Your task >> Reproduce exactly, and exclusively, the lines from the line containing "Lak za nohte Mini Max, 927 EVELINE COSMETICS" through the final line of the listing below.
====
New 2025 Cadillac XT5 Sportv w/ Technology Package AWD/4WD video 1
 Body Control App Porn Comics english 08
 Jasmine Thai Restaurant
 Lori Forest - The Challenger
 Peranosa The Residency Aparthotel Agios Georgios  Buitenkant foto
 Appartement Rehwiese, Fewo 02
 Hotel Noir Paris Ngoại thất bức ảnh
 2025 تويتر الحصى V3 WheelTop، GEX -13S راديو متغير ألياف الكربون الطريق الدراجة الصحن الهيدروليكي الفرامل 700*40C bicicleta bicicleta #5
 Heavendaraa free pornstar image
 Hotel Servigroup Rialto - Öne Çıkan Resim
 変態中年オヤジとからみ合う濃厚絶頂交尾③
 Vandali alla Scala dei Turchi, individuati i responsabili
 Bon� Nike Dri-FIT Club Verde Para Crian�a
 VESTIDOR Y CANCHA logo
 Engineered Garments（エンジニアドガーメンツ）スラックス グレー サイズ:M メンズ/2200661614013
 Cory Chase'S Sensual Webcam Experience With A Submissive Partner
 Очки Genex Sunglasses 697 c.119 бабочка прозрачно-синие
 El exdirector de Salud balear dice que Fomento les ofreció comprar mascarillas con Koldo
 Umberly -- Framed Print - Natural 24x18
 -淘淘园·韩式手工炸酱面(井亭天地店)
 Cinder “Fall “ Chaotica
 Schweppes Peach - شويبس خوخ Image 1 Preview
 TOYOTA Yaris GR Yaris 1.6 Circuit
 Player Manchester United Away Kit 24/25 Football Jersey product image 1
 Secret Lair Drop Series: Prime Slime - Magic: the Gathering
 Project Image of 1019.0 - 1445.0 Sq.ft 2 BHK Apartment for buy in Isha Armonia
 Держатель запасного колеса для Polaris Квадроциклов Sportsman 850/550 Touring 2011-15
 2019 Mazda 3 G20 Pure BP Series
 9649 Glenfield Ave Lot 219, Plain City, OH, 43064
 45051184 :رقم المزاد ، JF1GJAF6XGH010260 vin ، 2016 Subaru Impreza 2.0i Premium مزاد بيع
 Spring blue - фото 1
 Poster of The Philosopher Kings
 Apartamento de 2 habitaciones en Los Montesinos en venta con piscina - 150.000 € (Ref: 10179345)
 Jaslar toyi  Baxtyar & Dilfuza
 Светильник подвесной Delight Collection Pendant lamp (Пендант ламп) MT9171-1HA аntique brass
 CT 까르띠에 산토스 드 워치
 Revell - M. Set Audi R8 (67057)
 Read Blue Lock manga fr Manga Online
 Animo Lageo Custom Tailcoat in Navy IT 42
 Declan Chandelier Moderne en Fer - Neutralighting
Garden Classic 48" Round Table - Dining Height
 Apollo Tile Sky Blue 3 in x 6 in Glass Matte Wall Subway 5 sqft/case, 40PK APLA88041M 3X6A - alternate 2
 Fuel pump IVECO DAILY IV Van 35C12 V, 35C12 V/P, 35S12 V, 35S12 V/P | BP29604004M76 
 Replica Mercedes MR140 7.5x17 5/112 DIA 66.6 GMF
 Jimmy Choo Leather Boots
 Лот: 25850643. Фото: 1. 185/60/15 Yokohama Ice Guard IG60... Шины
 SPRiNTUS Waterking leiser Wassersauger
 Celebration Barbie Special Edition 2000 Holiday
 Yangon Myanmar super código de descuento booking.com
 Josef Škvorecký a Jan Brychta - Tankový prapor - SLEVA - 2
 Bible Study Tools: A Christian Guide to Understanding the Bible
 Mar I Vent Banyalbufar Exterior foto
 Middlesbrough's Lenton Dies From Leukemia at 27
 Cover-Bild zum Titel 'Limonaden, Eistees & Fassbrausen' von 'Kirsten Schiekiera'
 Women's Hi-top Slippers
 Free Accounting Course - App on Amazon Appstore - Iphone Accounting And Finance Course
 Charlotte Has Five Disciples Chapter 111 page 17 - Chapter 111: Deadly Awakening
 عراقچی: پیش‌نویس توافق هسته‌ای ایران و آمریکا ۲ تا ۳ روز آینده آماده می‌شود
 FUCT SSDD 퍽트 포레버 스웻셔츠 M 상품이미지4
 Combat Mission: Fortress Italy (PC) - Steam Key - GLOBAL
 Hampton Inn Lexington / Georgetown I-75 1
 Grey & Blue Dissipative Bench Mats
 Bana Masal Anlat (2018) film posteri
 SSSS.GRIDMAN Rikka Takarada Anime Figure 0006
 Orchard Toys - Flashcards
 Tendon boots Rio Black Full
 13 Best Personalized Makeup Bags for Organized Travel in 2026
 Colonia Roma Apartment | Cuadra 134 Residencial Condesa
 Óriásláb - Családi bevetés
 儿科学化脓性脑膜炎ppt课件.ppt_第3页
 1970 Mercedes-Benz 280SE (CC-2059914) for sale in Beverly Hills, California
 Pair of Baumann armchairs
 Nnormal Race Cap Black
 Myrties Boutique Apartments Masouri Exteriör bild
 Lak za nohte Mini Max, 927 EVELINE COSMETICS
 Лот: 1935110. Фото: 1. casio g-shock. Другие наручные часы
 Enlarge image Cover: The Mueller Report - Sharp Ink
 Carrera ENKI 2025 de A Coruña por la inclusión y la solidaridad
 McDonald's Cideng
====
Reply to the exercise >>
 Lak za nohte Mini Max, 927 EVELINE COSMETICS
 Лот: 1935110. Фото: 1. casio g-shock. Другие наручные часы
 Enlarge image Cover: The Mueller Report - Sharp Ink
 Carrera ENKI 2025 de A Coruña por la inclusión y la solidaridad
 McDonald's Cideng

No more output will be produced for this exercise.